Thinking about this a bit more …

The persistent predicates project currently allows only a single key but it shouldn’t be too difficult to modify it allow multiple keys (similar to just-in-time indexing of clauses).

And a similar approach should work for rbtrees. I’ll try implementing it - and after doing this, I’d do something similar for persistent predicates.

Let’s call the new data structure “mkrbtree” (for multi-key-rbtree"). With each mkrbtree, there would be a list of keys and an associated predicate that defines which key to use. For example, if we’re storing triples node(From,Edge,To), then we might define

data_index(node(From,_,_),  Index, Key), ground(From)    => Index = 1, Key=From.
data_index(node(_,Edge,To), Index, Key), ground(Edge-To) => Index = 2, Key=Edge-To.
data_index(node(_,_,To),    Index, Key), ground(To)      => Index = 3, Key=To.
data_index(node(_,Edge,To), Index, Key), ground(Edge)    => Index = 2, Key=EdgeTo.
data_index(node(_,_,_),     Index, _)                    => Index = 0. 

which would define 3 indexes: on From; on a combination of Edge and To; and on To.

So, with this data:

[node(n1, road, n2),
 node(n1, train, n3),
 node(n2, road, n3),
 node(n3, road, n4)]  

there would be three keyed lists (stored as rbtrees) plus one unkeyed list:

1-[n1-[node(n1,road,n2), node(n1,train,n2)], 
   n2-[node(n2,road,n3)], 
   n3-[node(n3,road,n4)]]
2-[(road-n2)-[node(n1,road,n2)], 
   (train-n2)-[node(n1,train,n2)], 
   (road-n3)-[node(n2,road,n3), 
   (road-n4)-[node(n3,road,n4)]]
3-[n2-[node(n1,road,n2],
   n3-[node(n2,road,n3),node(n2,train,n2)], 
   n4-[node(n3,road,n4)]]
0-[node(n1,road,n2), node(n1,train,n2), node(n2,road,n3), node(n3,road,n4)] 

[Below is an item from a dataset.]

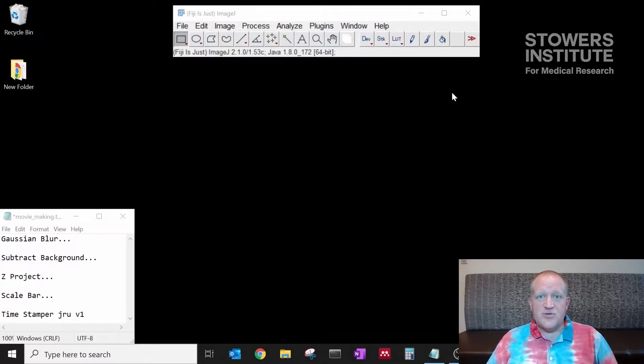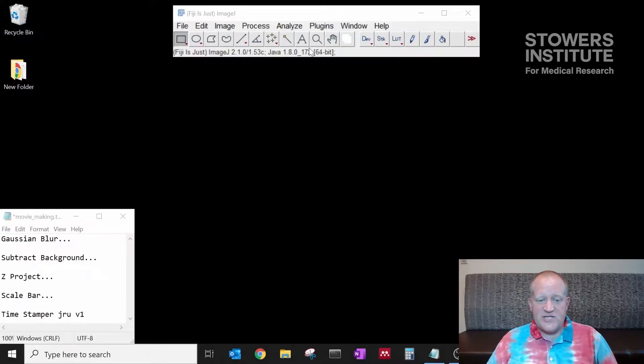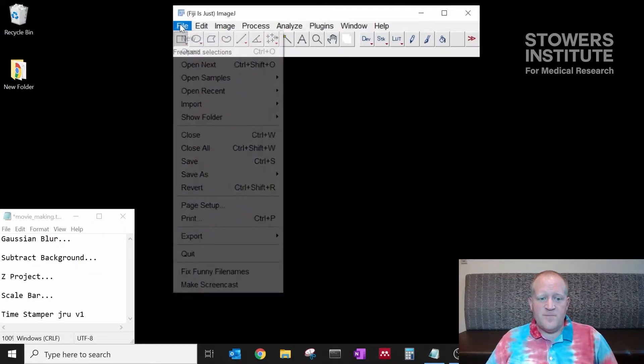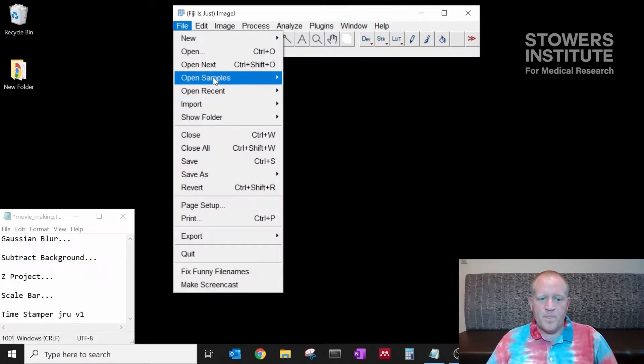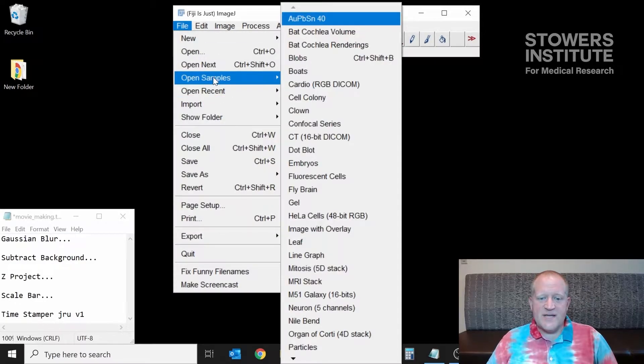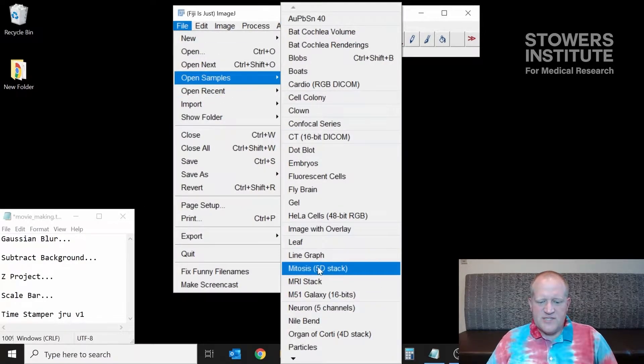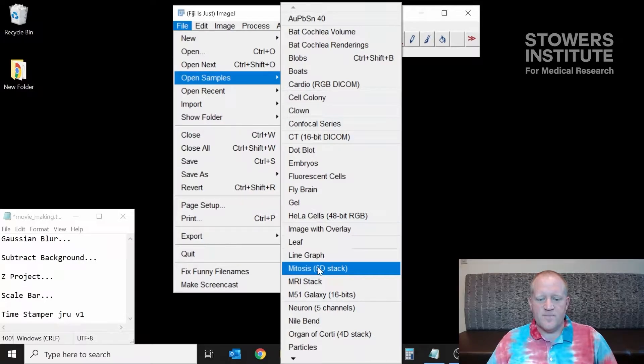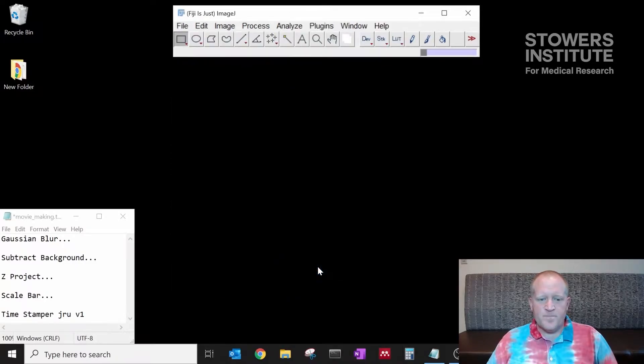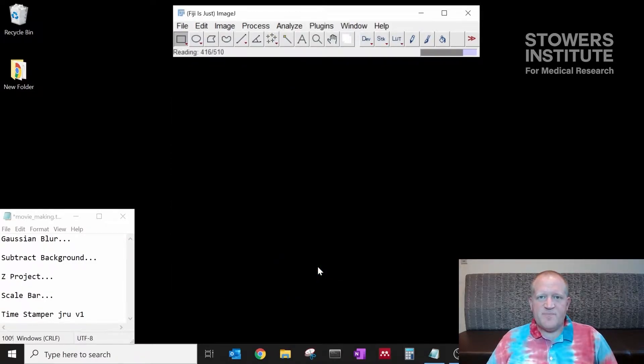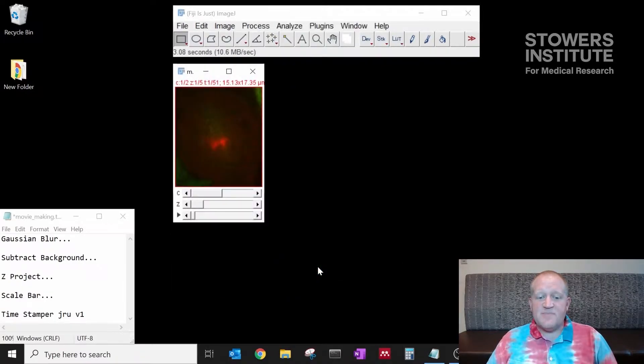To do this we're going to open a sample from Fiji. We do that by going to file, open samples, and we're going to use the mitosis stack here. This is the data that's built into Fiji already.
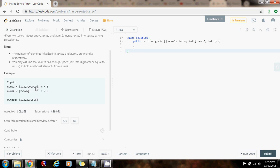We're going to have a variable count, and it's going to be initialized to 5 in this case, because that's the last index in nums1. So we're going to have the index at the last element of the first array and another index at the last element of the second array, and we're going to compare. Which one is bigger? In this case, 6 is bigger. So we pick 6, put it at the count position, we decrement count, and we decrement this index.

mkrb_lookup/3 would call data_index/2 to determine which index to use, then call rb_lookup/3 on the appropriate keyed list; if no key matches, then use member/3 on the unkeyed list. Siimlarly, mkrb_insert/4 would add to all the keyed lists (using rb_insert/4) plus to the unkeyed list.

This looks like a lot of data duplication, but the nodes would be shared amongst all the lists, so the only extra space would be for the indexes.

Anyway, this is a rough idea of how multiple indexes could be used with key-value data to do lookup as efficiently as clause lookup with indexing. Does this seem reasonable? (Some small details would change, of course; in particular, data_index/3 would be a bit different, to allow using both for lookup and insert, probably using once/1 instead of SSU.)